Away from Spindogs I play in a few bands, one being somewhat known in a relatively niche genre. We hadn’t been particularly active over the past few months and had by all accounts fallen of the radar of fans and promoters.

Photo By Claire Swindell!

In order to kick start the band’s social media presence, I decided to run a small competition on Facebook, where users were asked to “like” or “share” a particular image with the prize being a band T-shirt (usually sold at £10).

The purpose of the completion was primarily to reach the eyeballs of promoters and to simply get people “talking” about the band again!

Organic reach:

The competition caught attention pretty effortlessly (thanks to quite a good subject photo!). Disappointingly (but true to form), only 15% of the pages’ fans were reached in that number. There were plenty of people liking and sharing the post. The “quality” of those that were reached was incredibly high, including key promoters and those that are quite active in supporting bands in the genre.

The amount of additional page likes generated from the competition was a little disappointing, however increasing the amount of page likes wasn’t the objective of the competition and these could prove to be of a high value at a later time.

Facebook Competition Reach

Post boosting:

“Why don’t people see our posts?” and “What is Edgerank?” are two commonly asked questions at Spindogs HQ.

Although a lot of people don’t like it, the fact is that even if you audience “likes” your Facebook page and “subscribes” to your updates, in the majority of cases only around 15% to 20% of them will see what you have to say. If you want to reach more of your audience, then Facebook advertising is something you need to consider. As well as promoting your page as a whole, you can look to drive traffic to a particular post, either via the quick “Boost Post” option, or via the more in-depth advertising area.
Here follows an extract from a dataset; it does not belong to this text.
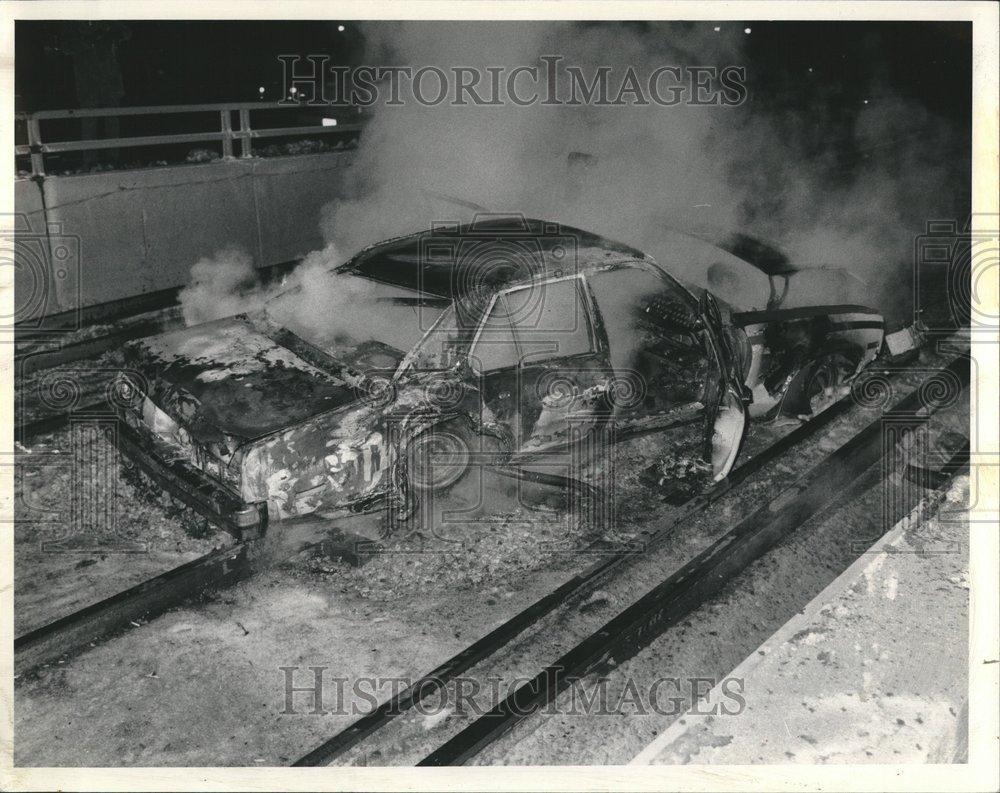 1985 Press Photo South Bound Car Burns Kennedy Expy - RRV01047 - Historic Images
When boosting posts, you have the option to target your fans and also their friends. In order to keep your campaigns more organised and to gain a better understanding, I’d suggest that you separate these. You also have two advertising options – to be positioned in the right hand column, or to attempt to appear in the main news feed.

For this campaign I chose to position the story in the less obtrusive right hand column of the page for “friends of fans” and to appear in the main news feed of those that had already “liked” the page.

Facebook competition stats:

Facebook Competition Table

Key points:

Reaching the friends of those who liked the page was very inexpensive and generated a lot of clicks. Although the number reached was high in comparison to the amount of clicks, the position of the advert would suggest that many would have simply ignored it – so overall I was pleased with the response.

The post wasn’t seen by everybody who liked the page between boosting the post and organic means. This could have been partly due to inactive accounts and time between posts (or advertising) and when users logged in on different time zones (we have a number of fans in South America!).


Tips for running a successful Facebook competition

1: Decide if you need a competition

Before starting a competition, decide if you really need one. We and many of our clients interact with our audiences’ enough not to necessary need give the social media profiles a kick start.

2: Define your goals

You really need to define what you actually want to achieve from running a competition. If you do not do this, then there is no way that you can determine whether or not your competition was a success.

3: Keep it simple

Initially I asked for people to “share” the post in order to enter, however the first five interactions were “likes”, suggesting that my audience wasn’t necessarily reading the full post. It’s worth noting that if you are asking users to “share” to enter, you may not be able to see that they have done so, based on their privacy settings. The less you ask of your audience, the more likely they are to participate.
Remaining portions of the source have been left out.